Understanding Mean Time To Resolution (MTTR) from the Facebook, Instagram, and Whatsapp’s Outage
Yesterday the most used social media platforms in the world were inaccessible for 6 hours straight. Later, in a press release, Facebook revealed that the outage was due to configuration changes in their routers. There is no doubt that Facebook has an intense incident response plan, yet a small blind spot resulted in a significant business interruption. So how do we avoid this? The truth is, outages and performance issues are bound to happen in any network. It is more important how quickly we react and resolve incidents. This post takes you through the most critical factors in your incident response – Mean Time To Resolution (MTTR) and Mean Time To Detect(MTTD).
What is MTTD?
Mean Time To Detect is a key performance indicator in any incident response plan. MTTD is the average time taken by the SRE to detect an incident from the time of its occurrence. The mathematical formula used to calculate this value is:
MTTD = Total time taken to detect incidents over a period of time/ number of incidents.
Incident reports and outage notifications can come from end-users, as in the case of Facebook, or application monitoring and management tools, such as observIQ, can send you alerts immediately when something is not working as expected. Businesses aim to lower their MTTR as much as they can. Businesses invest in observability tools that can provide granular level insights into the event logs to correlate data from the various sources of the application and infrastructure.
What is MTTR?
Mean Time To Resolution is the time taken to resolve an application issue or an outage and get the application functioning as per the set KPI. MTTR is arrived at by dividing the total of the time to resolution of incidents over a period of time by the number of incidents that occurred during that period. It is important to note that this is only a statistical average. There are possible deviations to this value based on other contributing factors. The main objective of having a good MTTR is to make an outage less impactful on the end-users. The best-case scenario is to avoid the disruption of system usage. A good system architecture makes the system resilient to performance issues and outages. In a hybrid system architecture, the application’s code resides separately from the web service calls to keep each component’s upgrades or deployments unique. MTTR cannot be maintained low when the resolution, deployment, or upgrade to one component creates the dependency to update the application’s other features.

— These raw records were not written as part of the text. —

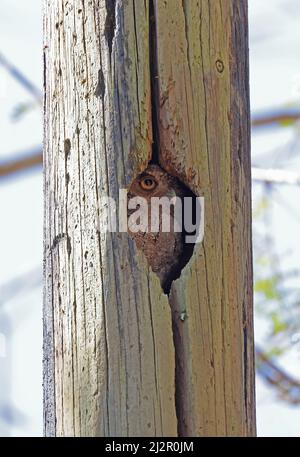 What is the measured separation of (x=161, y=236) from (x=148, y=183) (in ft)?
0.30

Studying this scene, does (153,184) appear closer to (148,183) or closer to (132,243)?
(148,183)

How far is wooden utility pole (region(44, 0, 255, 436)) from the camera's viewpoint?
1497 mm

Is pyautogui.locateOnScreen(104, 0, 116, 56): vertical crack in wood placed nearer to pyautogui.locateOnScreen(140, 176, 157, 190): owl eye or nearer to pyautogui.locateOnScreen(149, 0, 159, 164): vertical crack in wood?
pyautogui.locateOnScreen(149, 0, 159, 164): vertical crack in wood

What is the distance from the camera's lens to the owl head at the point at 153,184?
5.11ft

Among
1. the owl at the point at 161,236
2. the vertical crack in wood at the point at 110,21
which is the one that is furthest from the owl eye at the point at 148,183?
the vertical crack in wood at the point at 110,21

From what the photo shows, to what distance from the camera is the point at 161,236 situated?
157 cm

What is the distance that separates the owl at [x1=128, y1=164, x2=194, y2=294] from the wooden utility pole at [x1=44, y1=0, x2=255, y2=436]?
0.8 inches

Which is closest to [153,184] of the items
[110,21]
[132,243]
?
[132,243]

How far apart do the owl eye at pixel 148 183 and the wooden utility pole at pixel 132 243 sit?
3 cm

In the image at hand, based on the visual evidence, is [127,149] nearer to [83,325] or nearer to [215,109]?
[215,109] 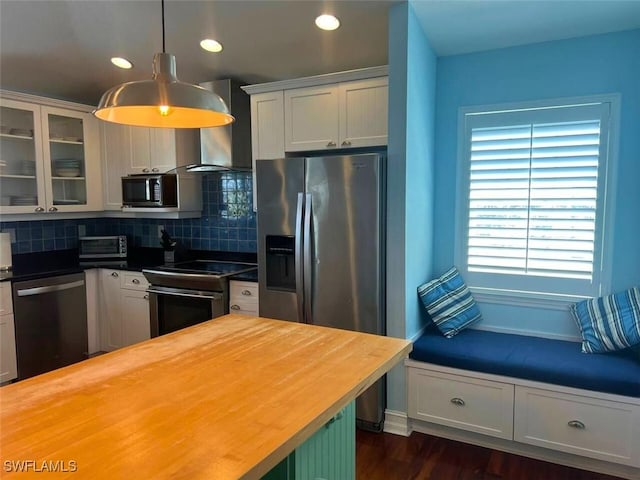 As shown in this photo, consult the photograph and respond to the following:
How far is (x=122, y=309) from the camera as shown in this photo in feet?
13.1

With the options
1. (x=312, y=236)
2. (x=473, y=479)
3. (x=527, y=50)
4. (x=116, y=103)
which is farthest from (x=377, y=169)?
(x=473, y=479)

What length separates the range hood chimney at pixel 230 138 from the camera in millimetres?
3663

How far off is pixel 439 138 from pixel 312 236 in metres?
1.20

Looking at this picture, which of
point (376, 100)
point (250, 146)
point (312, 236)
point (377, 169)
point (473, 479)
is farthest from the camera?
point (250, 146)

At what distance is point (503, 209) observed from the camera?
3061 millimetres

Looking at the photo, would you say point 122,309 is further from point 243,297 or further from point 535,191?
point 535,191

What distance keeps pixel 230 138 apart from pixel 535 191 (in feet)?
7.63

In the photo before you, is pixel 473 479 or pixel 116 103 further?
pixel 473 479

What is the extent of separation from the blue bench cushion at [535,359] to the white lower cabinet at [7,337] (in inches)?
117

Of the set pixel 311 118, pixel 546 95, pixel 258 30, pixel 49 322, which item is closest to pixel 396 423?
pixel 311 118

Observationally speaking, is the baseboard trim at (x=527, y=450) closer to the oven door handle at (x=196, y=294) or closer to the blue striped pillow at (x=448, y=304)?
the blue striped pillow at (x=448, y=304)

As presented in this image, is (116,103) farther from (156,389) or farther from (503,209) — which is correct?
(503,209)

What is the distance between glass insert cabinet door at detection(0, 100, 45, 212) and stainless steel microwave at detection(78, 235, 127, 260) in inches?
23.7

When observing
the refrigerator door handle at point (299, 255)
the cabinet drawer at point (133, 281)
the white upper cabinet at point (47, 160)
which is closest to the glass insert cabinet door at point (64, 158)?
the white upper cabinet at point (47, 160) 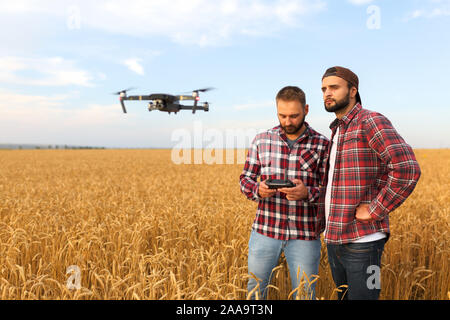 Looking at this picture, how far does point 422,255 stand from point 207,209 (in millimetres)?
4065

What factors influence MTTR and MTTD?
Incident detection and resolution strategy:
All incidents that occur in the application are not similar. Therefore, MTTR calculated without factoring in the severity levels of the incidents would give only a generic value for the MTTR and not specific to a severity level. Another critical factor that many MTTR calculations fail to factor in is the differences in user traffic. For instance, e-commerce applications see heavy site traffic during the Black Friday sale season. The MTTR calculation in such a scenario should be for that period of time specifically and not a year-round calculation.
You must frame a plan knowing the varied levels of incidents. Strategically laying out a lean ITSM plan would save your business time and resources spent on incident response. There cannot be a one size fits all approach to your incident response. The cause and effect of every action is gauged, the responses calibrated, and the inferences drawn to make plans for effective response. An ad-hoc approach for incident response is a recipe for failure. An ad-hoc response or fix is bound to cause unforeseen issues in other KPIs.
Modern businesses adopt a more streamlined approach to incident response. To form a response, the incidents in a system are recorded in a controlled environment and the values are calibrated. Not only does this help form a picture of a real-time occurrence, but it also helps assign roles to individuals in the team during the response.
Using an efficient log management tool:
Monitoring is critical for incident response. If there is no data accumulation over a period of time, arriving at key SLAs and KPIs would become impossible. Having an application monitoring tool gives you a real-time read on the application’s health over a period of time. Functionalities like Live Tail in observIQ make troubleshooting collaborative and simple. The theory that monitoring is for intrusion only has been debunked, with points of vulnerability now extending to every corner of the system. If there is a failure caused by an intrusion, without monitoring it may take days for the SRE to assess the site of intrusion. Monitoring tools come equipped with alerting options for service level indicator SLIs such as performance and security-related anomalies. When an incident occurs, the monitoring tool alerts all configured SRE resources to draw attention to the incident right after it occurs, drastically reducing the MTTD and MTTR. You can set alerts for anything from a latency issue to a throughput drop below the threshold value.
Although the Facebook outage is much talked about today, businesses of all sizes struggle with performance and outage issues. The best way to stay prepared is to monitor. We offer a free plan at observIQ. Try it out to see how you can tackle your MTTR.
Our take on New Relic’s observability projections for 2021
New Relic recently published a survey on the observability projections and trends for the year 2021. At observIQ, an emerging platform of choice in the observability space, we decided to give our users a rundown on what we agreed and disagreed within their survey results.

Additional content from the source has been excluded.